→ Recorded information:
---
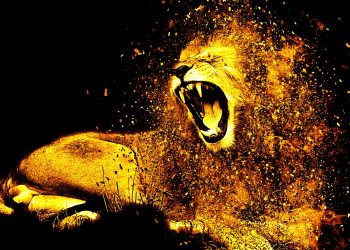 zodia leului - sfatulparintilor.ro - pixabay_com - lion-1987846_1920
---
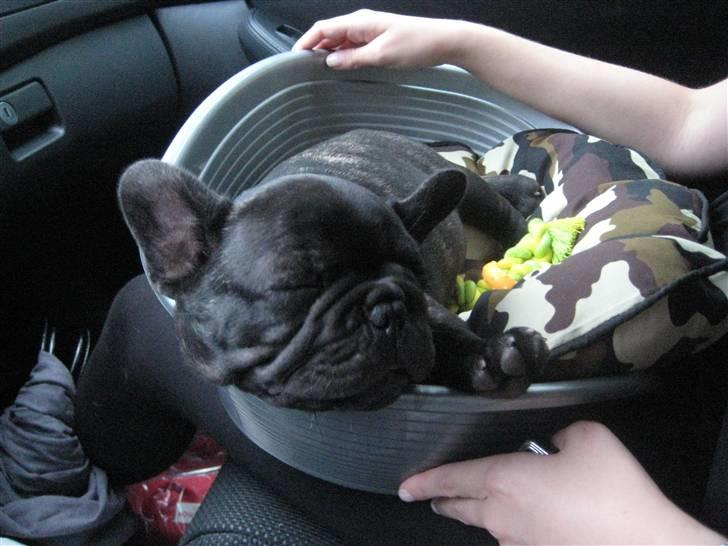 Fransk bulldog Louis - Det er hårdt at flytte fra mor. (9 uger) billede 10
---
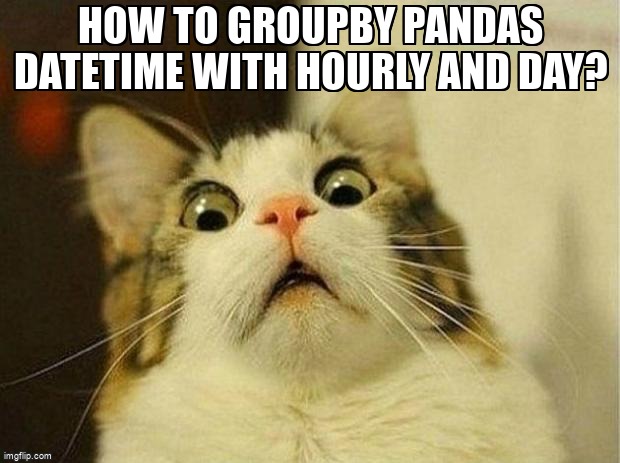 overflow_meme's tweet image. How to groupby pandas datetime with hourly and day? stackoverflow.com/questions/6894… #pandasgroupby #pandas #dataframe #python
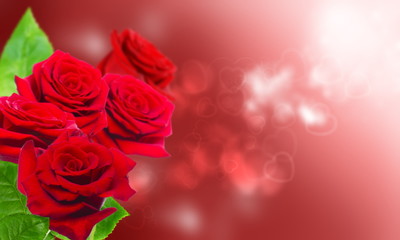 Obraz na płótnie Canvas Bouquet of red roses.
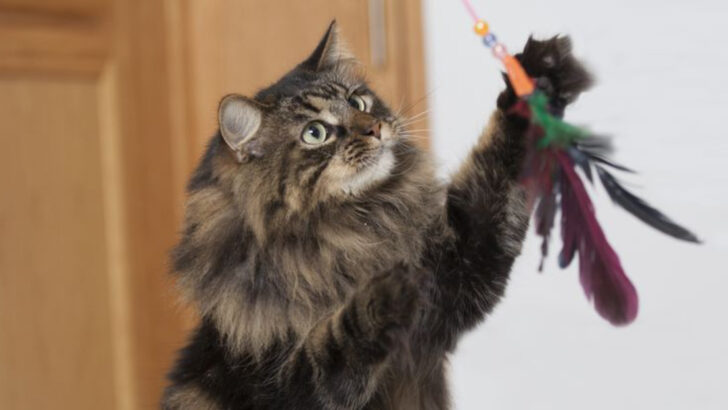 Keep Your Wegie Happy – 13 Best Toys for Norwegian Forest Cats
---
→ Work item:
Exercise for the records above: copy only the lines from the one with "overflow_meme's tweet image." to the one with "Keep Your Wegie", both ends kept, and drop the pictures.

→ Written solution:
 overflow_meme's tweet image. How to groupby pandas datetime with hourly and day? stackoverflow.com/questions/6894… #pandasgroupby #pandas #dataframe #python
 Obraz na płótnie Canvas Bouquet of red roses.
 Keep Your Wegie Happy – 13 Best Toys for Norwegian Forest Cats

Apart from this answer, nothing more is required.